Jason Aldean singles chronology
| "Rearview Town" (2019) | "We Back" (2019) | "Got What I Got" (2020) |

= We Back =

Song written by Tyler Hubbard and recorded by Jason Aldean

"We Back" is a song recorded by American country music singer Jason Aldean. It is the lead single to his ninth studio album, 9. Then-Florida Georgia Line member Tyler Hubbard wrote the song with Jordan Schmidt and Brad and Brett Warren, the latter two of whom are known as The Warren Brothers.

==Content and history==
Aldean said that the idea for the song came when he sent a request to Tyler Hubbard, one-half of the musical duo Florida Georgia Line, asking for a song with "tempo" to it. He wanted a song that would serve as an upbeat, rock-driven lead single to a new album, because the previous album (Rearview Town) was dominated by ballads. Within a few days, Hubbard contacted him with the finished song, which Aldean immediately liked and chose to record.
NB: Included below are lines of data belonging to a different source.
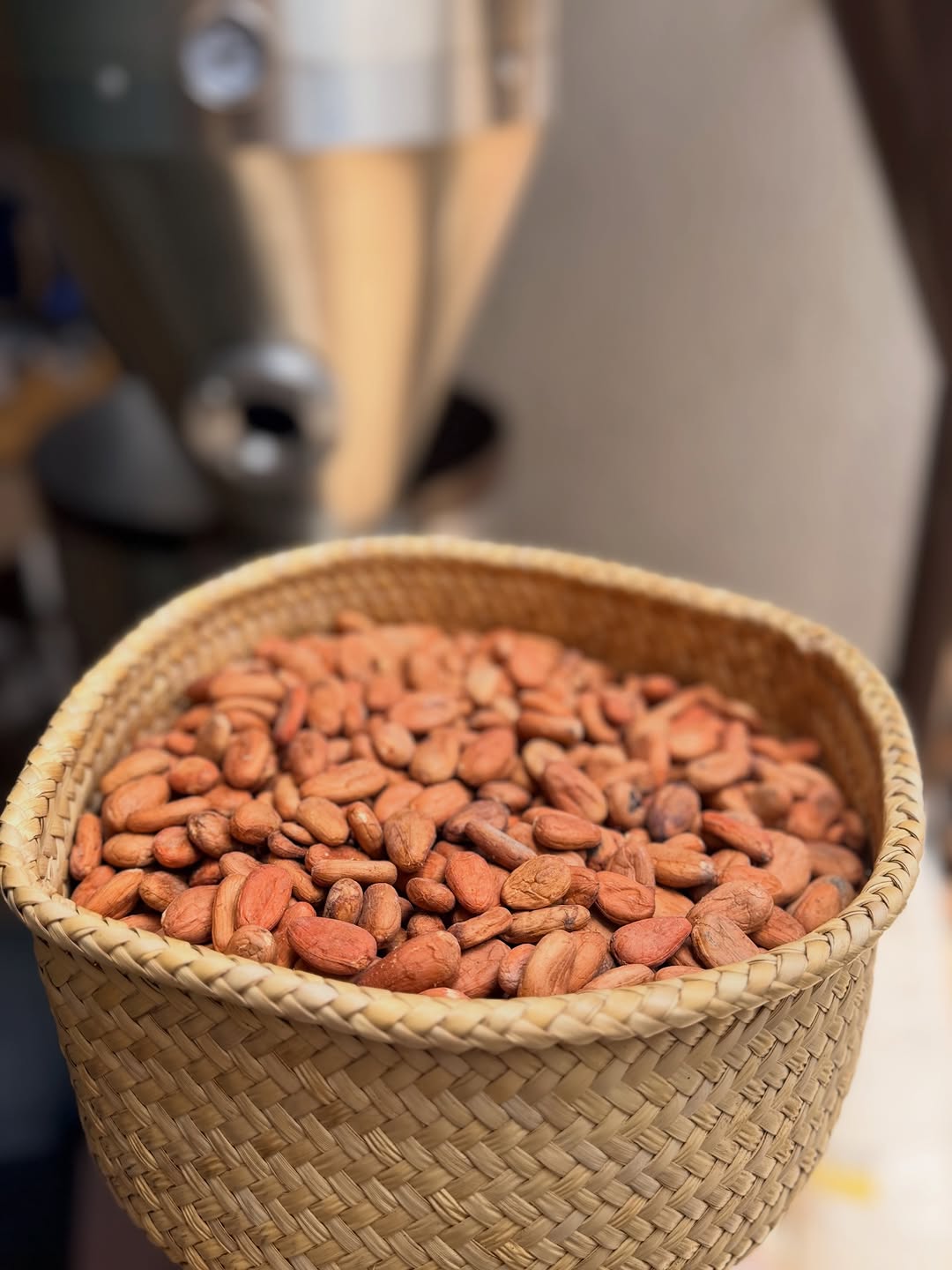 Cacao tostado seleccionado por El Banasto servido en un canasto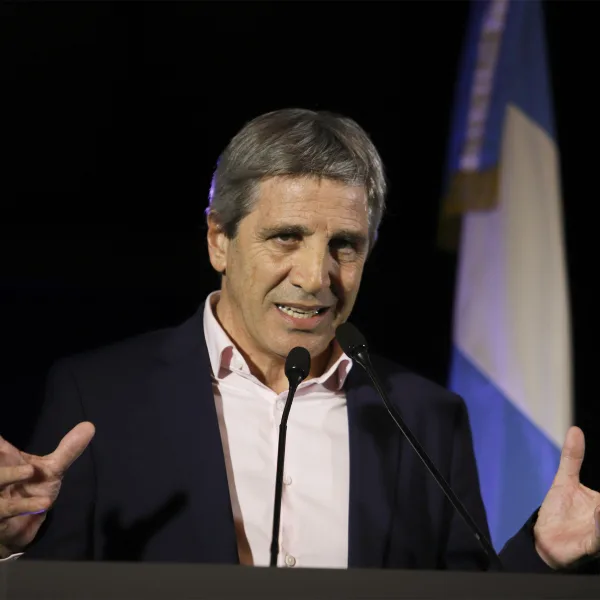El Gobierno informó un superávit financiero de $551 mil millones en junio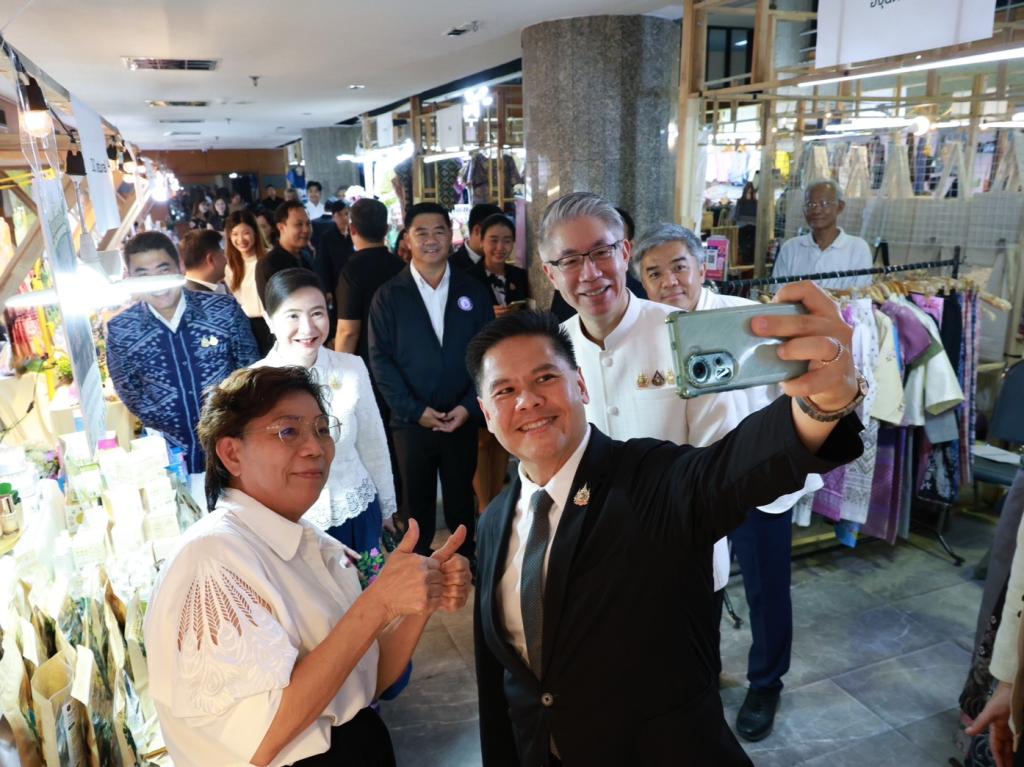 “ดีพร้อม” เปิด Green Mart 2026 “รมว.วราวุธ” พร้อมผู้บริหาร ร่วมชมตลาด สนับสนุนสินค้าไทย เชื่อม “การพัฒนา” สู่ “ตลาด” ดัน SMEs–วิสาหกิจชุมชนโตอย่างยั่งยืน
The blog Taste of Country describes the song as a country rock anthem comparable in theme to "The Only Way I Know", "Gonna Know We Were Here", and "They Don't Know".

==Charts==

===Weekly charts===

| Chart (2019–2020) | Peak position |
|---|---|
| Canada Hot 100 (Billboard) | 95 |
| Canada Country (Billboard) | 1 |
| US Billboard Hot 100 | 62 |
| US Country Airplay (Billboard) | 6 |
| US Hot Country Songs (Billboard) | 8 |

===Year-end charts===

| Chart (2019) | Position |
|---|---|
| US Hot Country Songs (Billboard) | 93 |
| Chart (2020) | Position |
| US Country Airplay (Billboard) | 34 |
| US Hot Country Songs (Billboard) | 41 |

== Certifications ==

Certifications for "We Back"
| Region | Certification | Certified units/sales |
| Canada (Music Canada) | Gold | 40,000^{‡} |
^{‡} Sales+streaming figures based on certification alone.